** Given entries follows **

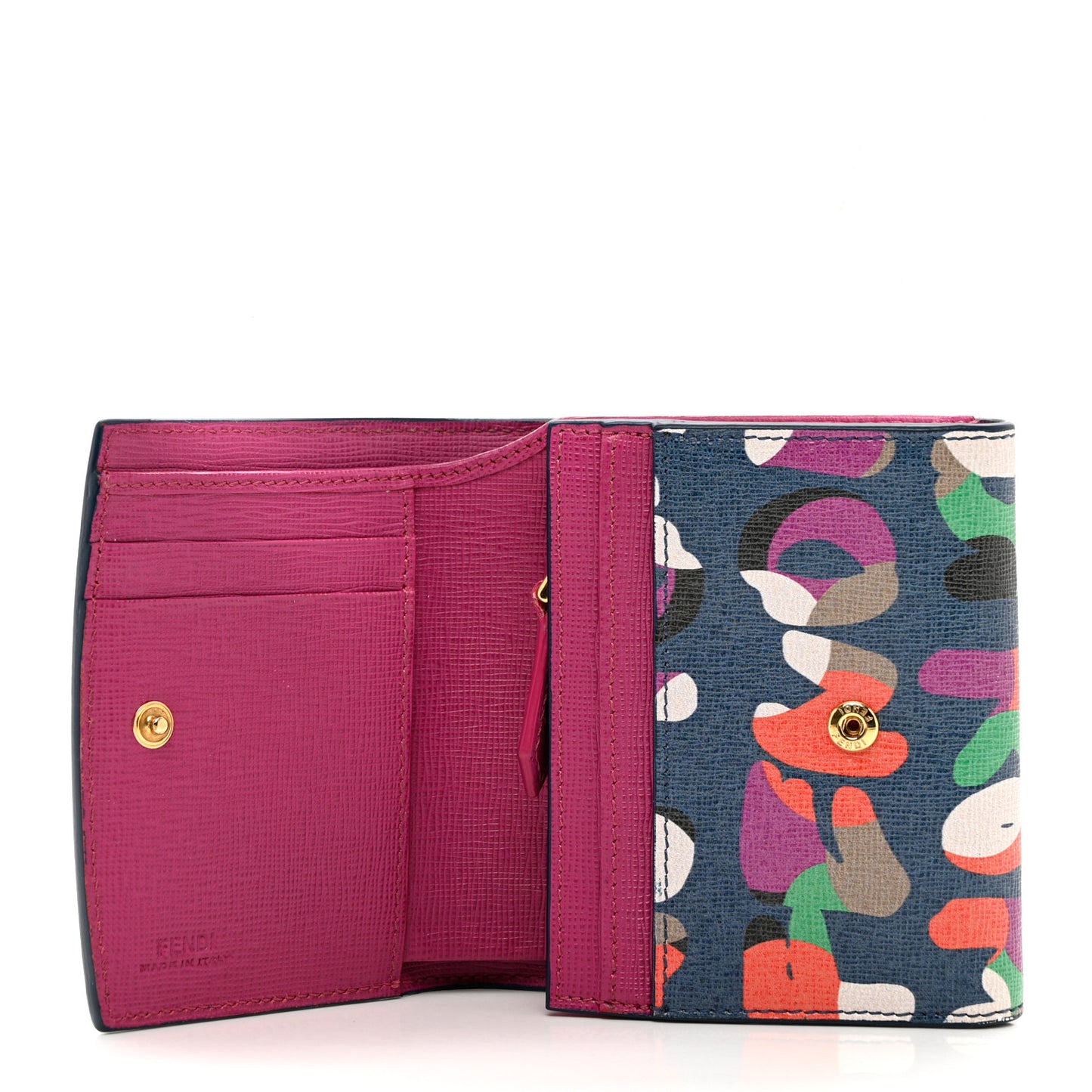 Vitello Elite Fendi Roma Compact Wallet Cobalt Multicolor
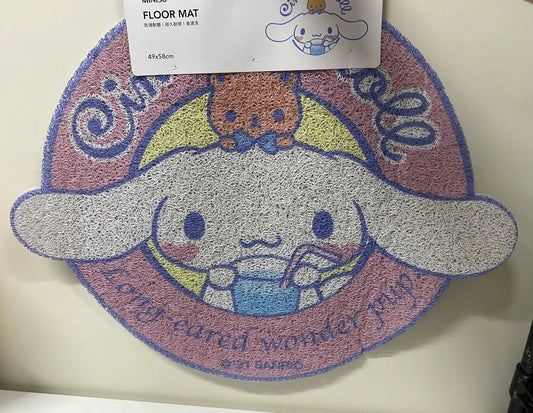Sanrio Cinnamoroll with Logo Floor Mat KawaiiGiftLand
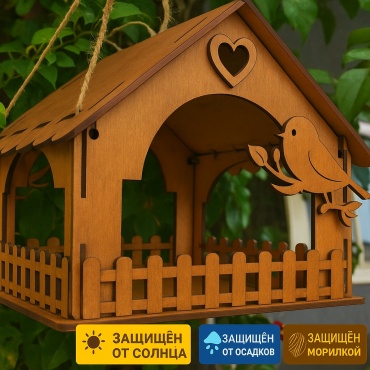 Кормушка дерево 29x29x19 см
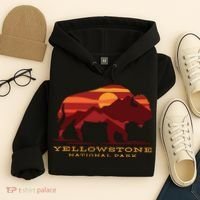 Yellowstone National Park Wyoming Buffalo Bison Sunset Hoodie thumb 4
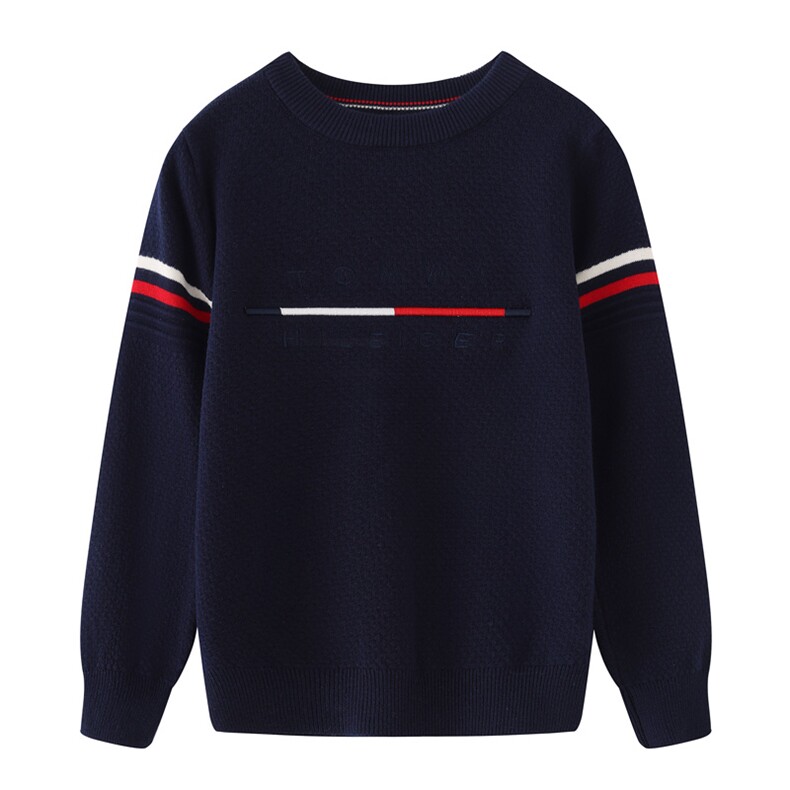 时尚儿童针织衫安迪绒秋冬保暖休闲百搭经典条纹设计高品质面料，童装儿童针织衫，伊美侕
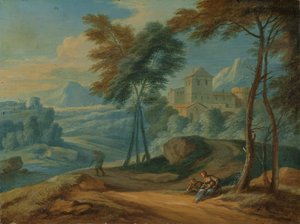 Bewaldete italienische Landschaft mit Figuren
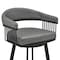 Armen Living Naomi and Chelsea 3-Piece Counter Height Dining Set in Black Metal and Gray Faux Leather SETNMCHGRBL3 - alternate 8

** End of Given entries **
** Given entries follows **

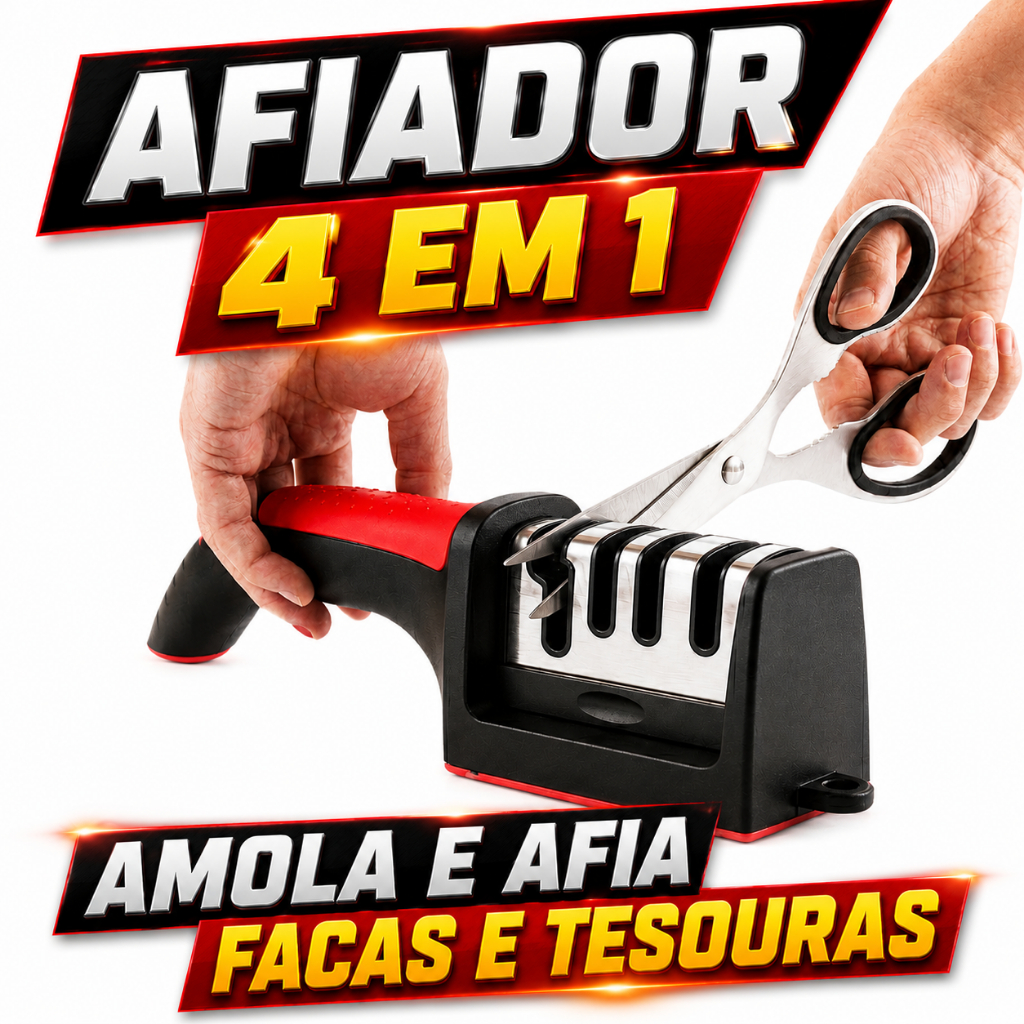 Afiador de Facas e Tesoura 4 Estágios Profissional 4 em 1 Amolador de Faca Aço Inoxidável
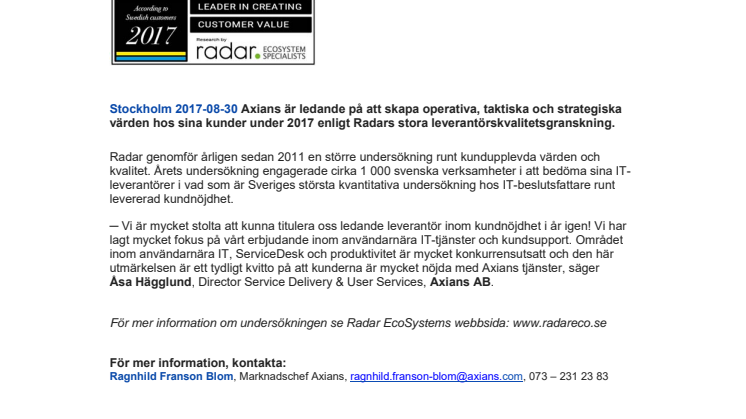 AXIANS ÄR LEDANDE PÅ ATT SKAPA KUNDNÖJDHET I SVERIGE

** End of Given entries **
** Given entries follows **

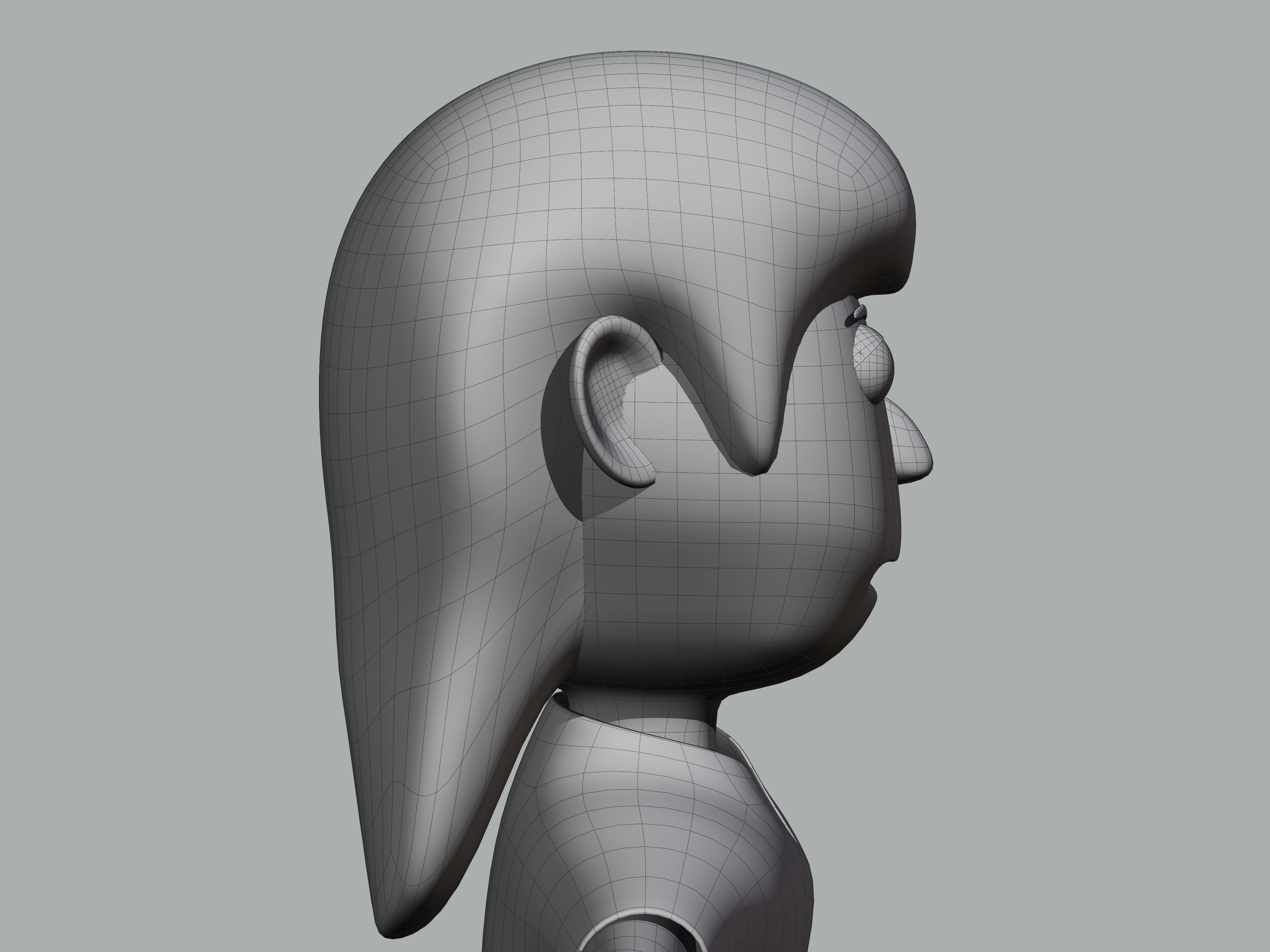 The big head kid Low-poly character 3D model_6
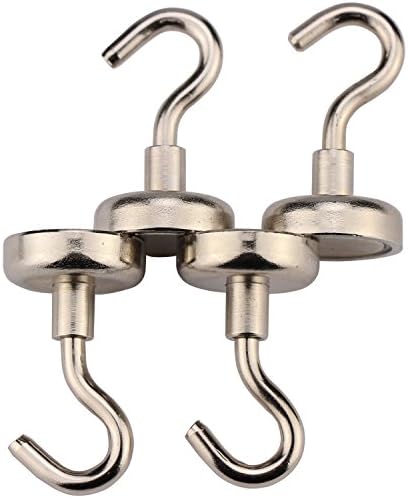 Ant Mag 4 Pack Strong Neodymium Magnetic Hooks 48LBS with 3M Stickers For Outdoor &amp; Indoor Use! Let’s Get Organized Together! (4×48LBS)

** End of Given entries **

# What you have to do:
Above are the records; return the lines in them from the one with "Vitello Elite Fendi" to the one with "Armen Living Naomi", inclusive, exactly and without images.

# Written reply:
 Vitello Elite Fendi Roma Compact Wallet Cobalt Multicolor
Sanrio Cinnamoroll with Logo Floor Mat KawaiiGiftLand
 Кормушка дерево 29x29x19 см
 Yellowstone National Park Wyoming Buffalo Bison Sunset Hoodie thumb 4
 时尚儿童针织衫安迪绒秋冬保暖休闲百搭经典条纹设计高品质面料，童装儿童针织衫，伊美侕
 Bewaldete italienische Landschaft mit Figuren
 Armen Living Naomi and Chelsea 3-Piece Counter Height Dining Set in Black Metal and Gray Faux Leather SETNMCHGRBL3 - alternate 8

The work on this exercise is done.